(Short web captions)
################

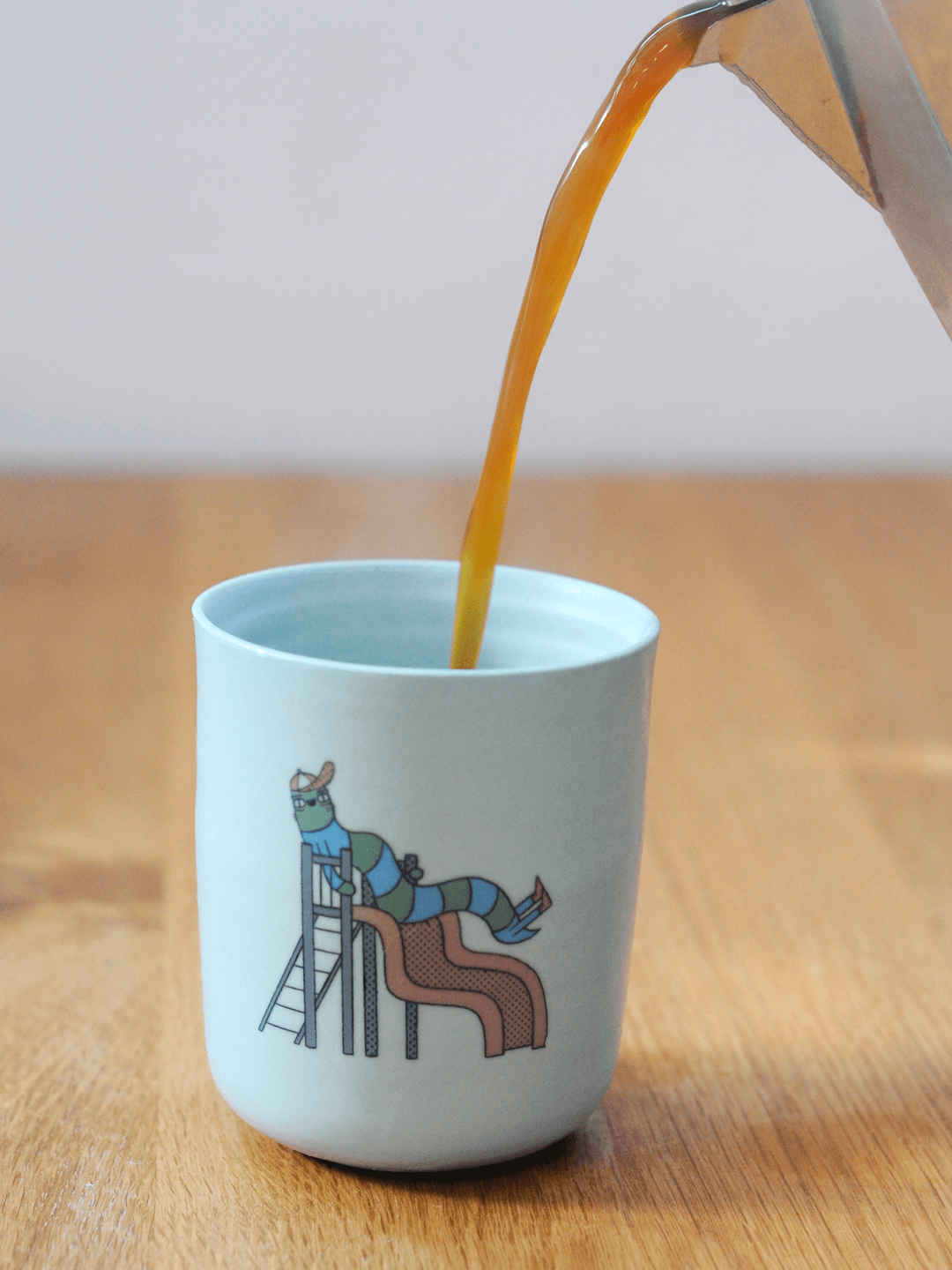 כוס עם דקאל של תולעת בפארק משחקים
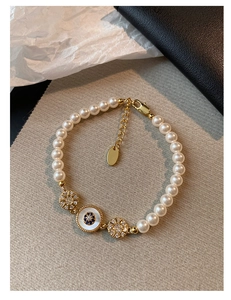 Vue détaillée d'un bracelet en perles plaqué or 18 carats avec breloques œil bleu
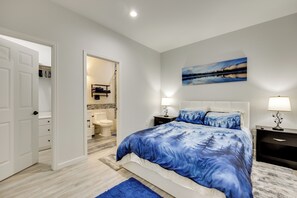 A bedroom with a bed, a nightstand, a wall-mounted lamp, a bathroom visible through an open door, and a painting on the wall. - Explore The Springs! Family-friendly Basement Unit (Colorado Springs)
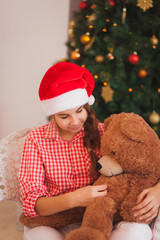  holidays, presents, christmas, childhood and people concept - smiling girl in santa helper hat with teddy bear over lights background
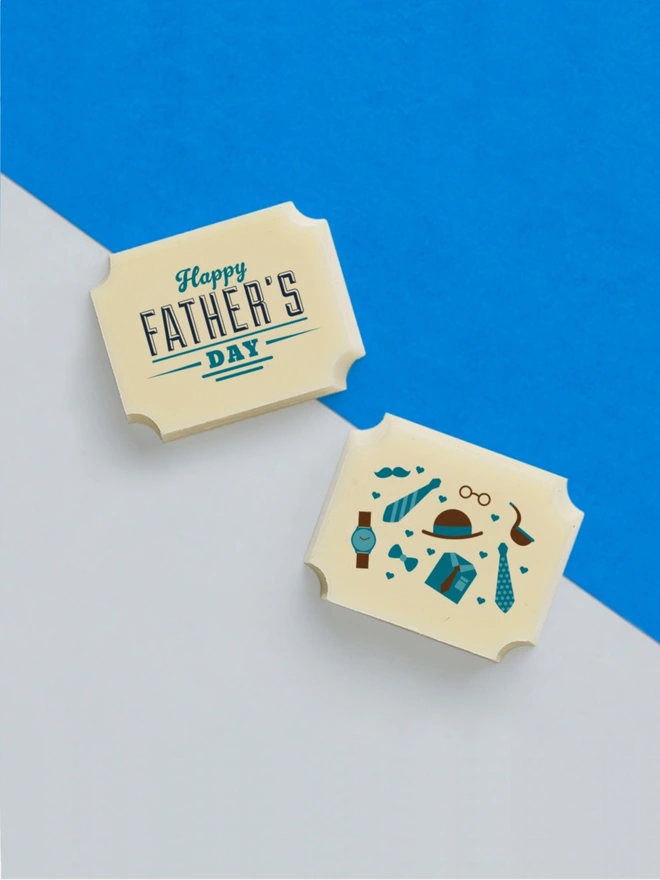 Two white chocolates for Father's Day on a blue and grey background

################

▶ **Prompt**: Please set down only the lines from the one containing "holidays, presents, christmas, childhood" through the end of the entries, exactly as they stand, both ends included and with no pictures.

▶ **Exercise response**:
  holidays, presents, christmas, childhood and people concept - smiling girl in santa helper hat with teddy bear over lights background
 Two white chocolates for Father's Day on a blue and grey background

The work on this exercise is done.